====== MATERIAL PROVIDED

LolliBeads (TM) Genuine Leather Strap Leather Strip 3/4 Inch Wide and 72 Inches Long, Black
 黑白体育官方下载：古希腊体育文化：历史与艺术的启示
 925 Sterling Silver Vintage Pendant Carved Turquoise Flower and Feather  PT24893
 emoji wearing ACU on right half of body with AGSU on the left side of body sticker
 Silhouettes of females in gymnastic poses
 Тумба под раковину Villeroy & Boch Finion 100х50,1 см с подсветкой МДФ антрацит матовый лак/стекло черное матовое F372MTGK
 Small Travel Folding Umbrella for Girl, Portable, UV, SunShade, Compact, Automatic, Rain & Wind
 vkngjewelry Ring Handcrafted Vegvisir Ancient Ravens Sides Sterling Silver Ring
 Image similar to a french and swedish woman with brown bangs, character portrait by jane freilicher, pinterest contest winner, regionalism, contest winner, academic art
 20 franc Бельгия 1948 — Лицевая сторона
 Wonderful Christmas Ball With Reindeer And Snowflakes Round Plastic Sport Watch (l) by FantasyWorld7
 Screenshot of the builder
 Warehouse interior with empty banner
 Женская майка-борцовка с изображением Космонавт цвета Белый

============

WORK REQUEST
Starting with the line that holds "黑白体育官方下载：古希腊体育文化：历史与艺术的启示" and ending with the line that holds "Small Travel Folding", retype every line in the data above exactly, and nothing else.

EXERCISE RESPONSE
 黑白体育官方下载：古希腊体育文化：历史与艺术的启示
 925 Sterling Silver Vintage Pendant Carved Turquoise Flower and Feather  PT24893
 emoji wearing ACU on right half of body with AGSU on the left side of body sticker
 Silhouettes of females in gymnastic poses
 Тумба под раковину Villeroy & Boch Finion 100х50,1 см с подсветкой МДФ антрацит матовый лак/стекло черное матовое F372MTGK
 Small Travel Folding Umbrella for Girl, Portable, UV, SunShade, Compact, Automatic, Rain & Wind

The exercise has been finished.